Vom Minderwert in den Selbstwert
Wir haben im vorherigen Kapitel darüber gesprochen, dass Selbstliebe beginnt, wenn das Vergleichen endet. Ich möchte hier noch etwas tiefer darauf eingehen, was die Gründe für mangelnde Selbstliebe sind. Das, was uns davon abhält, uns selbst zu lieben und in der eigenen Haut wohlzufühlen, unabhängig davon, welche Menschen bei uns sind, ist eine Identität, die im Minderwert gegründet ist!
Minderwertig bedeutet nicht voll werthaltig. Viele Menschen in der heutigen Gesellschaft haben unterbewusst einen Glaubenssatz, der besagt: Ich bin nicht gut genug und weniger wert als andere. Noch weniger Menschen erkennen, dass ihre Seele in diesem Glaubenssatz aber nicht leben kann, sodass das Gefühl von Minderwert für uns zu einer Rechtfertigung für die Überkompensation wird. Das können wir besonders gut beobachten, wenn sich Menschen streiten. Es gibt ein auslösendes Ereignis, das in der Bewertung der einen Partei negativ ausfällt, sodass negative Gefühle entstehen und wir impulsiv auf die andere Partei reagieren und sie verletzen. Das geschieht alles in Millisekunden und auch unterbewusst.

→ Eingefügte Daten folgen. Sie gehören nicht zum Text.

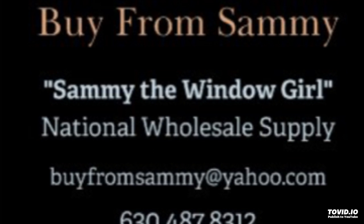Welcome to Weekly Window Talk with Sammy the Window Girl. Today we are discussing mullions and combinations. Let me take a minute to introduce myself. My name is Sammy. I go by Sammy Windows because I have my own window series called the Sammy Window.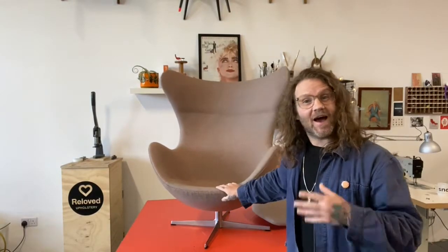So that's it, the restoration is nearly complete. Just got to do one last thing — add the seat cushion.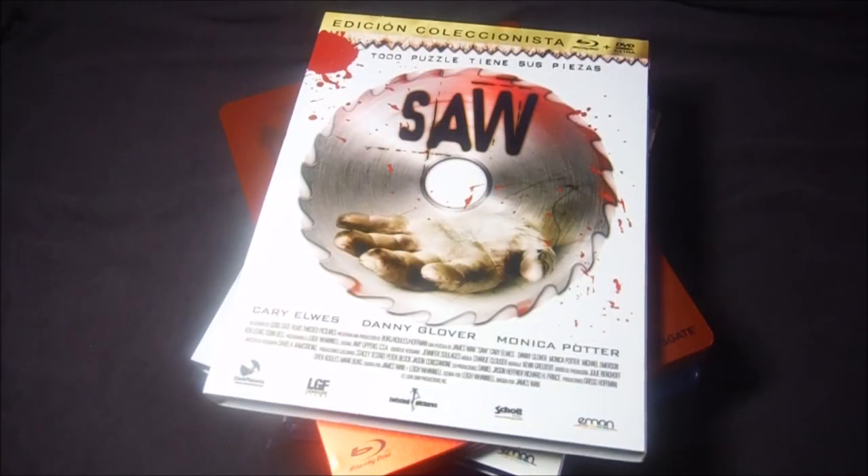Y así terminamos este vídeo. De nuevo lamento no poder mostraros más ediciones, puesto que como ocurrió en el anterior vídeo de Viernes 13, tan solo estas han sido editadas en España, y de fuera con castellano, que yo sepa, no hay ninguna. En el ranking, como siempre, veréis toda la saga. En general es una saga que me gusta mucho; cada película tiene algo que a mí, como fan de este tipo de género, me gusta. Espero que os guste el vídeo, like y suscribíos. Un saludo a todos y hasta el próximo vídeo.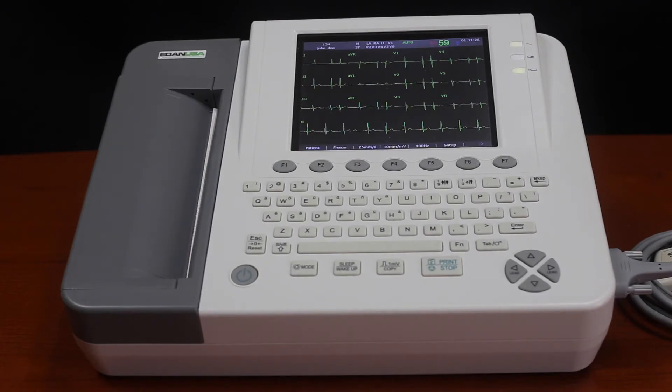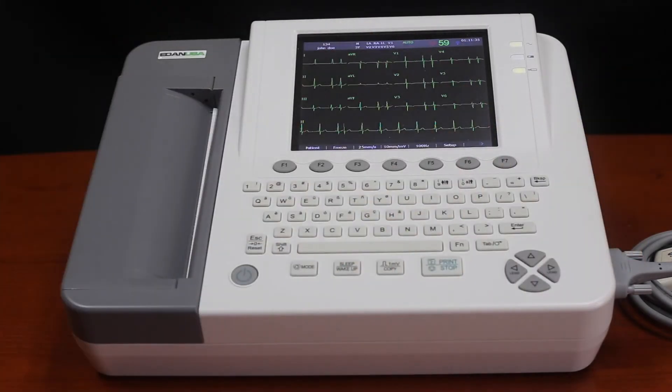One feature of the SE1200 Express Basic is the onboard PDF creator. It uses a USB thumb drive on the side of the patient monitor that will export the EKG in PDF format.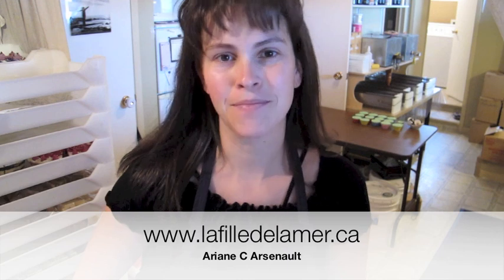Hi, this is Ariane from La Fille de la Mer, a handmade soap shop in the Magdalene Islands. I know I said my next video would be a tour of where I live and about my soap shop, but the weather has been so bad this week. So today I will show you how I do my melt and pour soaps.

Ich weiß noch, als meine Frau und ich aufgrund der ersten Coronawelle in Quarantäne waren und als sie mit Fieber und Gliederschmerzen im Bett lag, übernahm ich alle Aufgaben des Haushalts. Ich kümmerte mich also um die Wäsche, das Kochen und das Geschirr spülen. Und weil wir in der Zeit in einem Wohnheim lebten, gab es nur eine Gemeinschaftsküche, zu der wir aufgrund der damaligen Regelungen des Virus keinen Zugang hatten. Also kochten wir in der 20 Quadratmeter Wohnung auf einem tragbaren Herd und spülten unser Geschirr in der Dusche. Ich saß an dem Tag fast eine Stunde in der Dusche und wusch per Hand das Geschirr der letzten drei oder vier Tage. Anschließend goss ich noch die Pflanzen in der Wohnung und danach setzte ich mich auf einen Stuhl, mit Rückenschmerzen und völlig erschöpft. Meine Frau bat mich in dem Moment noch zu Staubsaugen. In ihrem erschöpften Zustand klang das für mich nicht wie eine Bitte, sondern eher wie ein Befehl und ich hatte das Gefühl, als würde sie mich ausnutzen. Aufgrund meiner Bewertung reagierte ich sehr abweisend auf ihre Bitte. Ich hatte das Gefühl, als würde sie das nicht schätzen, was ich bereits im Haushalt gemacht habe. Ich geriet in den Minderwert und weil meine Seele im Minderwert nicht bleiben möchte, benutzte ich das Gefühl, welches die verletzte Seele im Minderwert verspürt, als Rechtfertigung dafür, meine Frau in ihrer Bitte abzuweisen und ihren Wunsch zu ignorieren. Das war meine sogenannte Überkompensation. Ich fühlte mich ungeliebt und nicht geschätzt, sodass meine Seele begann zu rebellieren und ich meine Frau mit Abweisung bestrafte, anstatt ihrer Bitte nachzukommen. Eine halbe Stunde später machte meine Frau sich aus dem Bett, mit 39 Grad Fieber und griff selbst zum Staubsauger!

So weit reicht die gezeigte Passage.